Aim of the exercise
Nothing but the lines from the one containing "2025 Denago Rover" through the last line of the data below should be returned, each copied exactly.

Information shown
-------------------------

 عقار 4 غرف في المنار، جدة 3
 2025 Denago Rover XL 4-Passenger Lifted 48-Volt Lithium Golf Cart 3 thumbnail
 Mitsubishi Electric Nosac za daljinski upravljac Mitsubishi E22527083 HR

-------------------------

Finished exercise
 2025 Denago Rover XL 4-Passenger Lifted 48-Volt Lithium Golf Cart 3 thumbnail
 Mitsubishi Electric Nosac za daljinski upravljac Mitsubishi E22527083 HR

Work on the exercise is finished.